【緊急声明】

2022年02月25日 00:00

              緊急声明

 ロシアはウクライナへの軍事攻撃を即時中止し、平和的交渉を

  平和と人の命の大切さを説く活動を長年続けてきた立場から、緊急に声明します。

  昨日(2月24日)ロシア軍がウクライナに軍事進攻し、「自衛」を名目にした攻撃を開始しました。

 すでに攻撃による死者や負傷者が多数出ていると報じられています。

 第二次大戦後の国際法違反のソ連・モンゴルへの強制移送・抑留によって6万人以上の日本軍捕虜・民間人が犠牲になりましたが、その重大な事件の体験者や遺族らとともに、真相究明や遺骨返還を求め続けてきた私たちは、今回のロシアの軍事力行使に深い憤りと、失望を表明します。

 いかなる理由があろうとも、軍事力に頼る解決、戦争は許されません。

 プーチン大統領に、直ちに攻撃を中止し、撤退を命じられるよう訴えます。

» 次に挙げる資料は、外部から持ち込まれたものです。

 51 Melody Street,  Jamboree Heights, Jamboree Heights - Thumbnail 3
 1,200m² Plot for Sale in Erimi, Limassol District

核兵器の使用を示唆することなど言語道断です。

 76年前に日本はソ連と戦火を交えましたが、1956年「日ソ共同宣言」でともに平和的に問題を解決することを約束し、今日まで話し合いを重ねてきています。ソ連によって強制移送・抑留された被害の実態もいまだ解明されず、遺骨も半分以上がまだ旧ソ連の各地に残されたままですが、私たちは悔し涙を流しながらも、ともに平和と友好を求める道を歩んできました。育まれてきたささやかな信頼を裏切らないでいただきたい。

 歴史を振り返れば、残念ながら、国家も人間も、しばしば過ちを犯してきました。日本は前世紀に大きく国策を誤り、内外に多大な犠牲を強いてきました。私たちは、誤りの原因を検証し、反省する作業を続けています。今回のウクライナ侵攻は、かつての「関東軍」による策動と誤ちに酷似して見えます。誤ちはすみやかにただされ、修正されるべきと強く思います。

 どこの国や地域であれ、破壊が行われ、軍人であれ民間人であれ、死者・負傷者が出ること、そして捕虜が出ることも、遺族や遺骨が生まれることも耐えられないことです。人の道に反することであり、不正義です。

 私たちは、国ではなく民間ですが、人間として、市民として、ロシアがウクライナへの軍事侵攻をただちに中止し、平和的に交渉するよう求めます。